_Brief_
Every line in the listing below from the one with "P 14 - Sam Jongejan" through the one with "#PSCCD #Porsche https://t.co/GyYckIFlPa" is to be reproduced exactly, both ends included; leave out the rest.

_Data records_
>>>
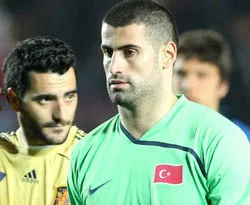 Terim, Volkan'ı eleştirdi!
<<<
>>>
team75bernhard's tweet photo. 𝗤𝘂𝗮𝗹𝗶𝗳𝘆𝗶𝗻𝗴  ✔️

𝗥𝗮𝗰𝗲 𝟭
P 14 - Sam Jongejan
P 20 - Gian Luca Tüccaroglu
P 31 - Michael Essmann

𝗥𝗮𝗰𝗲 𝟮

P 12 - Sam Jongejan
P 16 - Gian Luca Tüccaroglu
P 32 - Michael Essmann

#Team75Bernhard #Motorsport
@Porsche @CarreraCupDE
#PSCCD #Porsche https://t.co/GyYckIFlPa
<<<
>>>
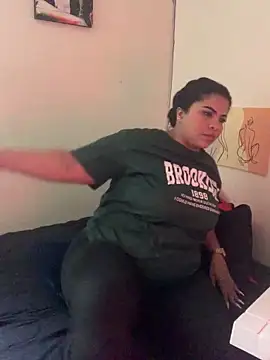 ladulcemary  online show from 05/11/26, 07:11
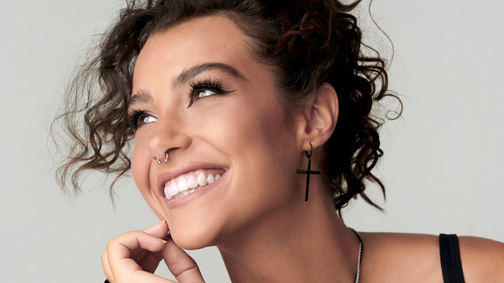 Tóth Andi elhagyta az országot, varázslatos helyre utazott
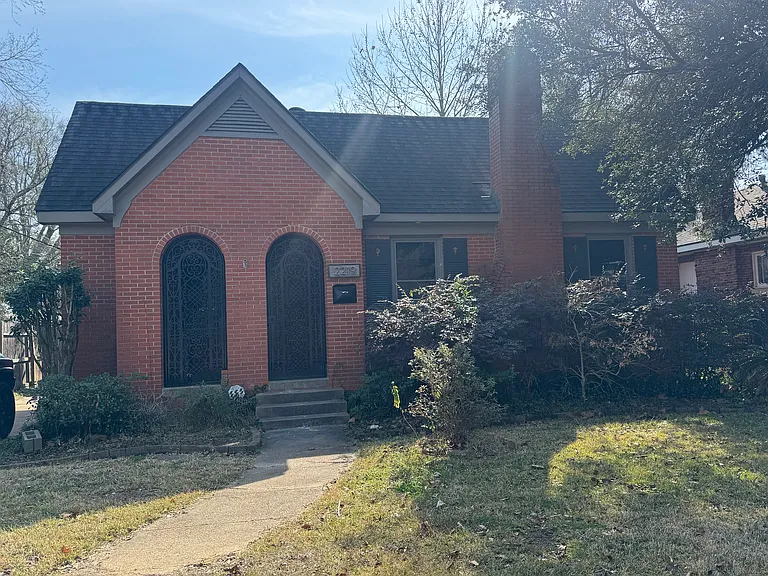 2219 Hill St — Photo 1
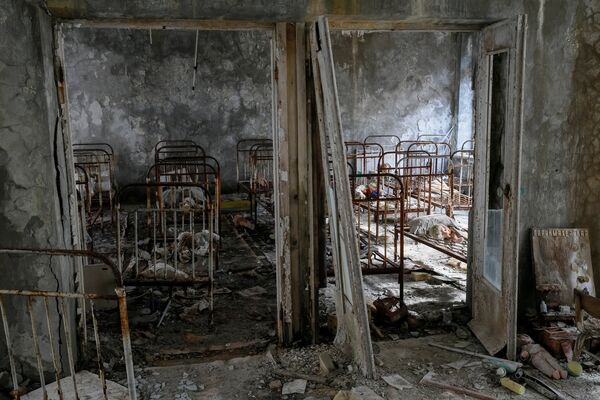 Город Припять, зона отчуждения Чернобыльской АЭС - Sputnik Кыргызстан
<<<
_Solution to the problem_
P 14 - Sam Jongejan
P 20 - Gian Luca Tüccaroglu
P 31 - Michael Essmann

𝗥𝗮𝗰𝗲 𝟮

P 12 - Sam Jongejan
P 16 - Gian Luca Tüccaroglu
P 32 - Michael Essmann

#Team75Bernhard #Motorsport
@Porsche @CarreraCupDE
#PSCCD #Porsche https://t.co/GyYckIFlPa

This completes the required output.